Detailed classification of collecting duct cells and NK-T cells by scRNA-seq. (a) Violin plot showing the expression of the collecting duct principal cell marker AQP2 and the collecting duct intercalated cell markers ATP6V1B1, ATP6V0D2 and ATP6V1G3. Clusters 8 and 10 are collecting duct principal cells and collecting duct intercalated cells, respectively. (b) UMAP plot showing the spatial location of NKT cells and T cells after dimensionality reduction. The red dots represent NKT cells and the green dots represent T cells. (cg) Violin plots showing the expression of the NK cells markers GNLY and NKG7. Violin plots showing the expression of the T cell markers CD3D, CD3E and IL7R.

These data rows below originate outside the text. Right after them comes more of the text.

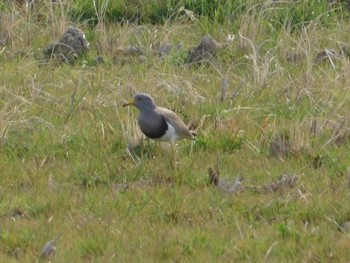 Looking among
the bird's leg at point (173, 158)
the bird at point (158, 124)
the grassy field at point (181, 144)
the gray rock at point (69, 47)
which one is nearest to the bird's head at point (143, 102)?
the bird at point (158, 124)

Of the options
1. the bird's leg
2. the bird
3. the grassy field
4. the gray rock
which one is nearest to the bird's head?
the bird

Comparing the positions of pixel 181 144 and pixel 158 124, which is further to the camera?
pixel 181 144

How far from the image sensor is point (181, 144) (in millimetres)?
8891

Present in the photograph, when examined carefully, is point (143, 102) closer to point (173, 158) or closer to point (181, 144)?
point (181, 144)

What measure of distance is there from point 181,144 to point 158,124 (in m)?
0.41

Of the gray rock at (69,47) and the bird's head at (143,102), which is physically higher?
the bird's head at (143,102)

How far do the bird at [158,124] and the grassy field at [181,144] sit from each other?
0.16 m

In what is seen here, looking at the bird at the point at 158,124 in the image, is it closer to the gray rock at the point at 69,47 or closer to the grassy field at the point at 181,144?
the grassy field at the point at 181,144

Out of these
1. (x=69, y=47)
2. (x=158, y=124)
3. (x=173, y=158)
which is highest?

Finally, we present a method for the detailed classification of cell subsets. Initially, the parameters of 20 PCs and 0.25 resolution were selected to identify 10 cell types (Fig. 1b). We found that cluster 4 highly expressed marker genes of both NK cells and T cells, designated as NK-T cells (Fig. 1d, Supplementary Table S2). Interestingly, cluster 4 can be further classified into two subtypes (Fig. 4b). By modifying the parameters to 20 PCs and 0.8 resolution, we could accurately distinguish NKT cells (CD3D+CD3E+GNLY+NKG7+) and T cells (CD3D+CD3E+IL7R+) (Fig. 4c–g), which can be used for downstream analysis.

Taken together, we provide a transcriptomic map of human kidney cells that will help us to study renal cell biology and the relationship between cell types and diseases.